Pôr-se a caminho não é fácil. Assim no-lo mostra o Evangelho através dos vários personagens. Temos Herodes, perturbado pelo temor de que o nascimento dum rei ameace o seu poder. Por isso, organiza reuniões e envia outros a recolher informações; mas ele não se move, está fechado no seu palácio. E, com ele, «toda a Jerusalém» (Mt 2, 3) tem medo: medo das coisas novas de Deus. Prefere que tudo permaneça como antes – «fez-se sempre assim» -, e ninguém tem a coragem de se pôr a caminho. Mais subtil é a tentação dos sacerdotes e escribas: conhecem o lugar exato e indicam-no a Herodes, citando inclusive a profecia antiga; sabem, mas não dão um passo rumo a Belém. Pode ser a tentação de quem é crente há muito tempo: discorre-se de fé, como de algo que já é conhecido, mas que não se compromete pessoalmente com o Senhor. Fala-se, mas não se reza; lastima-se, mas não se faz o bem. Pelo contrário, os Magos falam pouco e caminham muito. Embora ignorando as verdades da fé, estão ansiosos e põem-se a caminho, como evidenciam os verbos do Evangelho: «viemos adorá-lo» (Mt 2, 2), «puseram-se a caminho; entraram na casa; prostraram-se; regressaram» (cf. Mt 2, 9.11.12): sempre em movimento.

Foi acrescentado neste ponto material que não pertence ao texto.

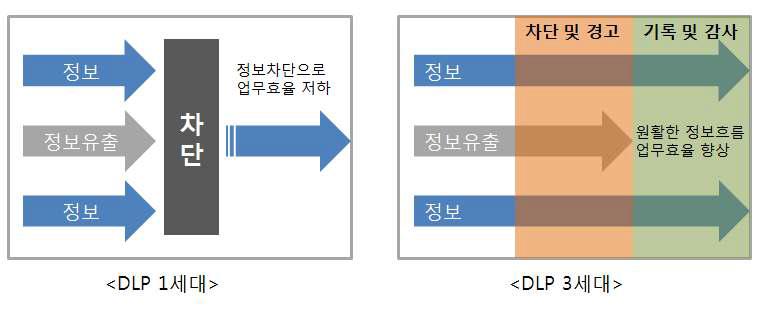 DLP 1세대 와 DLP 3세대 비교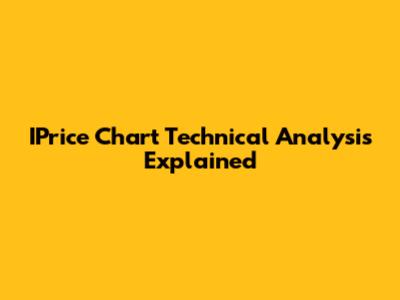 IPrice Chart Technical Analysis Explained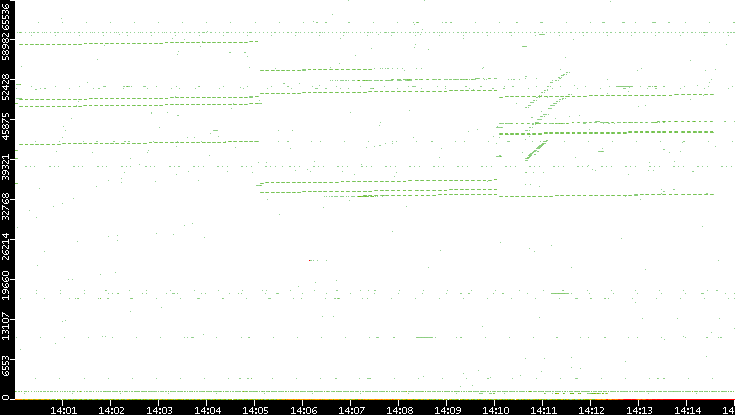 Src. Port vs. Time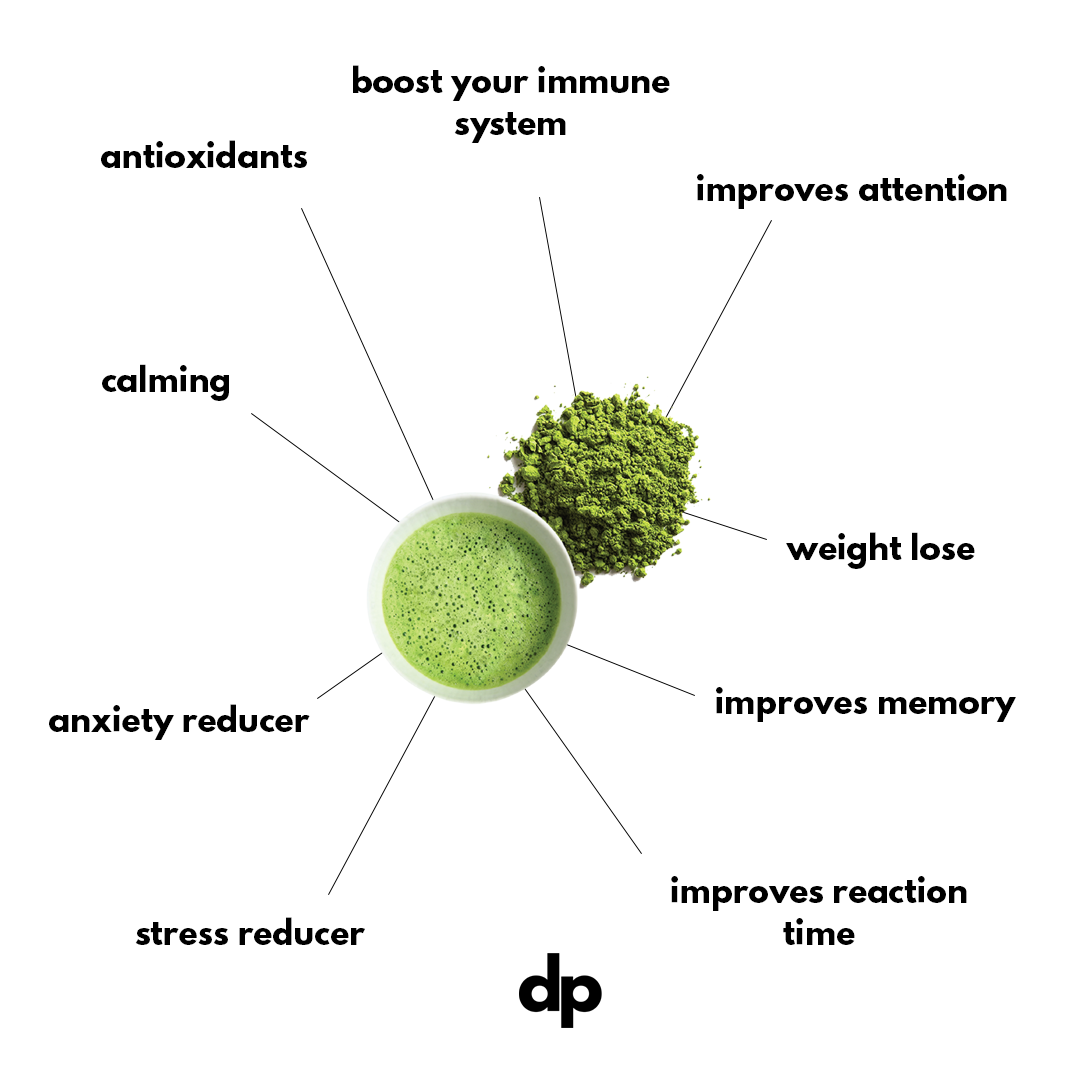 Matcha Health Benefits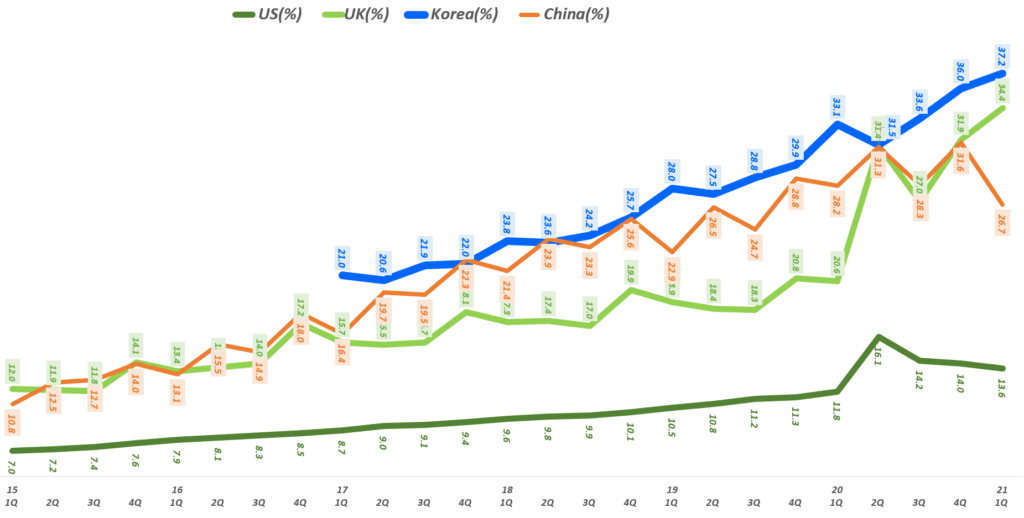 주요 국가별 온라인쇼핑 비중 추이( ~ 21년 1분기), 한국 온라인쇼핑 비중, 미국 온라인쇼핑 비중, 영국 온라인쇼핑 비중, 중국 온라인쇼핑 비중, Graph by Happist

Oferecer. Quando chegaram ao pé de Jesus, depois da longa viagem, os Magos fazem como Ele: dão. Jesus está ali para oferecer a vida; eles oferecem as suas preciosidades: ouro, incenso e mirra. O Evangelho está cumprido, quando o caminho da vida chega à doação. Dar gratuitamente, por amor do Senhor, sem esperar nada em troca: isto é sinal certo de ter encontrado Jesus, que diz «recebestes de graça, dai de graça» (Mt 10, 8). Praticar o bem sem cálculos, mesmo se ninguém no-lo pede, mesmo se não nos faz ganhar nada, mesmo se não nos apetece. Isto é o que Deus deseja. Ele, que Se fez pequenino por nós, pede-nos para oferecermos algo pelos seus irmãos mais pequeninos. E quem são? São precisamente aqueles que não têm com que retribuir, como o necessitado, o faminto, o forasteiro, o preso, o pobre (cf. Mt 25, 31-46). Oferecer um presente agradável a Jesus é cuidar dum doente, dedicar tempo a uma pessoa difícil, ajudar alguém que não nos inspira, oferecer o perdão a quem nos ofendeu. São presentes gratuitos, não podem faltar na vida cristã; caso contrário, como nos recorda Jesus, amando apenas aqueles que nos amam, fazemos como os pagãos (Mt 5, 46-47). Olhemos as nossas mãos muitas vezes vazias de amor, e procuremos hoje pensar num presente gratuito, sem retribuição, que possamos oferecer. Será agradável ao Senhor. E peçamos-Lhe: «Senhor, fazei-me redescobrir a alegria de dar».
Amados irmãos e irmãs, façamos como os Magos: olhar para o Alto, caminhar e oferecer presentes gratuitamente.